→ **WORK REQUEST**
Below are several records. Retype exactly those lines running from the one with "飞轮影视 还原成都49中学生" through the one with "开云体育APP下载-女子排球无人能挡，完胜对手", end lines included, and no others.

-- RECORD SET follows --

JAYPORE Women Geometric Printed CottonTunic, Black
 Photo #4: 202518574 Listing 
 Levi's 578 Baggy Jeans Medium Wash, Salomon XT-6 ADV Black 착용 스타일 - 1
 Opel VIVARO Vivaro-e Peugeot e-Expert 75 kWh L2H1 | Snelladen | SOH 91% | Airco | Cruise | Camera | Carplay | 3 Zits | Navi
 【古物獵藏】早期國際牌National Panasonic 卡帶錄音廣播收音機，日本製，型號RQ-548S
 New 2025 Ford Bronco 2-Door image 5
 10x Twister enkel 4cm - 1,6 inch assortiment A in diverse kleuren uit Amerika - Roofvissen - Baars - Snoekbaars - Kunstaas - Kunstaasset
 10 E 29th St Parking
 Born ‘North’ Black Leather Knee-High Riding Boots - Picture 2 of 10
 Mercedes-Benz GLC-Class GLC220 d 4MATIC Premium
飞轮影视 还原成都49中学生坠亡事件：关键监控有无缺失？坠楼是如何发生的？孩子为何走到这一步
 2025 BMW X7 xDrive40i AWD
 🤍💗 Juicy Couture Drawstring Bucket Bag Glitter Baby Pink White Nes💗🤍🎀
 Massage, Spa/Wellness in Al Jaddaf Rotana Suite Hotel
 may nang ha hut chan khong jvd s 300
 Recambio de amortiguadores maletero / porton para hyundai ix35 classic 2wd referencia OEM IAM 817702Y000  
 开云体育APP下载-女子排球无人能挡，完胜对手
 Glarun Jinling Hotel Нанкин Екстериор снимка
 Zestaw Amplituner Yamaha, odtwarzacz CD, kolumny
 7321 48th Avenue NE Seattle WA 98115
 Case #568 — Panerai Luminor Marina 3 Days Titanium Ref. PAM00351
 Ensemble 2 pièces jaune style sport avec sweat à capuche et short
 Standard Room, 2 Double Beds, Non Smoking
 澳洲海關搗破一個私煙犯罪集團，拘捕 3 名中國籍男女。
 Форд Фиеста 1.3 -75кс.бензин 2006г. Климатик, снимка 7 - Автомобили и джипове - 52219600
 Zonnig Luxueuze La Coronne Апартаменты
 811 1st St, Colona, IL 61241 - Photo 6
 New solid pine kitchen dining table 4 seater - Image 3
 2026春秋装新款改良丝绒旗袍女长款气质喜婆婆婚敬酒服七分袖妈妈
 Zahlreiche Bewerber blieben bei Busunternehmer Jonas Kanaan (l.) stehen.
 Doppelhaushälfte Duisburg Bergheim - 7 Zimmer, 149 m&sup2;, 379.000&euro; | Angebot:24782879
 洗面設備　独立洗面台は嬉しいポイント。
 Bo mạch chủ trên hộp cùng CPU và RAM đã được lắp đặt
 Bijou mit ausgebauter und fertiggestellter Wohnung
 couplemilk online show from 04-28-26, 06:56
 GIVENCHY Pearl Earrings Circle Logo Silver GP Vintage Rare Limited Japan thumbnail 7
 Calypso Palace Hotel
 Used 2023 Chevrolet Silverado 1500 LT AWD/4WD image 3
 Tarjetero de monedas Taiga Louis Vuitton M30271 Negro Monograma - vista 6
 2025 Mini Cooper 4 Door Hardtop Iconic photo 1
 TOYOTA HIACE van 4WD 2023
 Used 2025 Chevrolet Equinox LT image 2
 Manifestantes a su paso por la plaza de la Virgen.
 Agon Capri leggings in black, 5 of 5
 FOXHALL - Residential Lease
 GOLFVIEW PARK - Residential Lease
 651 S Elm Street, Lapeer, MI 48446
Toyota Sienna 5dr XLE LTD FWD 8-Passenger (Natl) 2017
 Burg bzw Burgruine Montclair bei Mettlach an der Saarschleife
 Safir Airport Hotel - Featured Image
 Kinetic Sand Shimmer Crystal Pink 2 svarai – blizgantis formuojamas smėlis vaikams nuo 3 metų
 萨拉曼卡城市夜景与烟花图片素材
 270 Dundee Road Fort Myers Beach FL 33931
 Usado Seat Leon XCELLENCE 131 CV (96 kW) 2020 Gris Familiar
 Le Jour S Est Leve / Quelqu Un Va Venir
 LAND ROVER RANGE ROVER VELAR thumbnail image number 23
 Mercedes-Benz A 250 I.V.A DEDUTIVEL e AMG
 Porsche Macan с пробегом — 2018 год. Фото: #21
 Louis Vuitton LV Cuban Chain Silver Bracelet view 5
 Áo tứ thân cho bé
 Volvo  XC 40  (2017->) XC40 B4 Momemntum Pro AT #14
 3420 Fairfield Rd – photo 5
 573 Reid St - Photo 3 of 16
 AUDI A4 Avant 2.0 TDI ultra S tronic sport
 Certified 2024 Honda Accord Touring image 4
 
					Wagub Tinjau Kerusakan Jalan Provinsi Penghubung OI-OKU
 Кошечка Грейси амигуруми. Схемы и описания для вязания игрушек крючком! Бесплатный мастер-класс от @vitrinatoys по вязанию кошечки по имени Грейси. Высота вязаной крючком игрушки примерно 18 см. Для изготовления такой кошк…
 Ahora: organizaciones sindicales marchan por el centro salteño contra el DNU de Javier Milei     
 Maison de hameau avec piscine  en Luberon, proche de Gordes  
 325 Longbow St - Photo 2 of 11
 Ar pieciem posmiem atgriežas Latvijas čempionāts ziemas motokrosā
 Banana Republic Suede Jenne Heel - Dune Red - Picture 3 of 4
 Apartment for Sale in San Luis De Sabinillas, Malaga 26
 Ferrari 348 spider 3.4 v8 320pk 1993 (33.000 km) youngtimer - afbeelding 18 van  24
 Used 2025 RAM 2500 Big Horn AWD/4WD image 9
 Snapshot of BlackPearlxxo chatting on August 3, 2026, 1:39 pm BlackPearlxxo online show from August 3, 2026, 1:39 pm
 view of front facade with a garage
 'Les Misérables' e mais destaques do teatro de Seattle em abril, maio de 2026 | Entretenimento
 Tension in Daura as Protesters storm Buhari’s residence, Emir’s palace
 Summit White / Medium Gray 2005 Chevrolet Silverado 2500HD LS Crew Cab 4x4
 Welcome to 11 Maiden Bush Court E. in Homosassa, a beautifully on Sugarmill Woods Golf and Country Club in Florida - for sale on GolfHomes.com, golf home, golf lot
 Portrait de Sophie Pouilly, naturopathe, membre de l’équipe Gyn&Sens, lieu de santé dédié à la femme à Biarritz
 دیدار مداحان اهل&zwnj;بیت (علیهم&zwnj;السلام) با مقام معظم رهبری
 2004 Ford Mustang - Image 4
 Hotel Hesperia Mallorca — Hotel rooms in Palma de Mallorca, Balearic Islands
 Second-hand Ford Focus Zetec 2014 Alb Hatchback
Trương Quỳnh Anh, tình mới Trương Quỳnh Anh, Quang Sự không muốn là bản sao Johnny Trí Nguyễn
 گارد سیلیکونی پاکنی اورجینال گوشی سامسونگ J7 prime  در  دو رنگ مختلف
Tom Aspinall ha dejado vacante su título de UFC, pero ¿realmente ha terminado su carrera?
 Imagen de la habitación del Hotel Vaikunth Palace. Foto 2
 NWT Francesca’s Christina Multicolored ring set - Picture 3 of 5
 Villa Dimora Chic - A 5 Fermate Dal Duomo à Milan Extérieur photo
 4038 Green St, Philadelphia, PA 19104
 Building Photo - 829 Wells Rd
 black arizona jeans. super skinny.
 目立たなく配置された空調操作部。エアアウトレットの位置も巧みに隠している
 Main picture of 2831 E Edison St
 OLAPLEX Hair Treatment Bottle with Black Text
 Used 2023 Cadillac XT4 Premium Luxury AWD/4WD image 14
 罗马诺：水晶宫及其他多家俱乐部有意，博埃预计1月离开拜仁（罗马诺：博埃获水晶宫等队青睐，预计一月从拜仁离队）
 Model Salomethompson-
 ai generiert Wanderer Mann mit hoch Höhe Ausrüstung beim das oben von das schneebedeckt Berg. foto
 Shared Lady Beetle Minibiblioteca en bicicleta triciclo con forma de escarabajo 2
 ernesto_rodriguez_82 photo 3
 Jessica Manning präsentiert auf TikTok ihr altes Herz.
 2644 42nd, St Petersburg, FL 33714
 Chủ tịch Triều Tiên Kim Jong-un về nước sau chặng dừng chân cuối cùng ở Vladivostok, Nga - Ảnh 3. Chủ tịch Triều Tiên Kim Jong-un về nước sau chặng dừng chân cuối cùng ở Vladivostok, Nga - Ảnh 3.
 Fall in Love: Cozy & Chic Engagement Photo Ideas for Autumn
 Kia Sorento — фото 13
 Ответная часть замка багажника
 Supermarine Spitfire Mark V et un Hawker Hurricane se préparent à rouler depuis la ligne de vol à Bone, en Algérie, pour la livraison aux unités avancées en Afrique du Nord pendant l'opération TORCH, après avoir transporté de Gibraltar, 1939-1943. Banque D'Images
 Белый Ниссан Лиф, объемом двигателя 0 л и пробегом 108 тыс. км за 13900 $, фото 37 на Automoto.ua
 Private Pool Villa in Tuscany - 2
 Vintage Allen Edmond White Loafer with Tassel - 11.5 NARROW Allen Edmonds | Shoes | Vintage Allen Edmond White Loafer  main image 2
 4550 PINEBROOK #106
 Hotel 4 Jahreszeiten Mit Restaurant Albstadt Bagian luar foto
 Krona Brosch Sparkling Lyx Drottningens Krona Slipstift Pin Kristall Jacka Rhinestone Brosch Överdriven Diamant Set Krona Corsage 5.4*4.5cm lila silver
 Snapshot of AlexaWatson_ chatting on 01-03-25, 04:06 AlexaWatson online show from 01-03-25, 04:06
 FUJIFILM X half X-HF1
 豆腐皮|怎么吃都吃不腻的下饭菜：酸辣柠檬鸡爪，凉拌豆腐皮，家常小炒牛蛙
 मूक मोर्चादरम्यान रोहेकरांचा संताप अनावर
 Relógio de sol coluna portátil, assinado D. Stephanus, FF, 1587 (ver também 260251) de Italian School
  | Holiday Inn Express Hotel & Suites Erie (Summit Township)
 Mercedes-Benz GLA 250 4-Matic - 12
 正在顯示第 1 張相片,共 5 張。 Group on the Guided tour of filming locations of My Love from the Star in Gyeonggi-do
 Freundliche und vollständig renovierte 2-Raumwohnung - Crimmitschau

-- RECORD SET concluded --

→ **SOLUTION TO THIS PROBLEM**
飞轮影视 还原成都49中学生坠亡事件：关键监控有无缺失？坠楼是如何发生的？孩子为何走到这一步
 2025 BMW X7 xDrive40i AWD
 🤍💗 Juicy Couture Drawstring Bucket Bag Glitter Baby Pink White Nes💗🤍🎀
 Massage, Spa/Wellness in Al Jaddaf Rotana Suite Hotel
 may nang ha hut chan khong jvd s 300
 Recambio de amortiguadores maletero / porton para hyundai ix35 classic 2wd referencia OEM IAM 817702Y000  
 开云体育APP下载-女子排球无人能挡，完胜对手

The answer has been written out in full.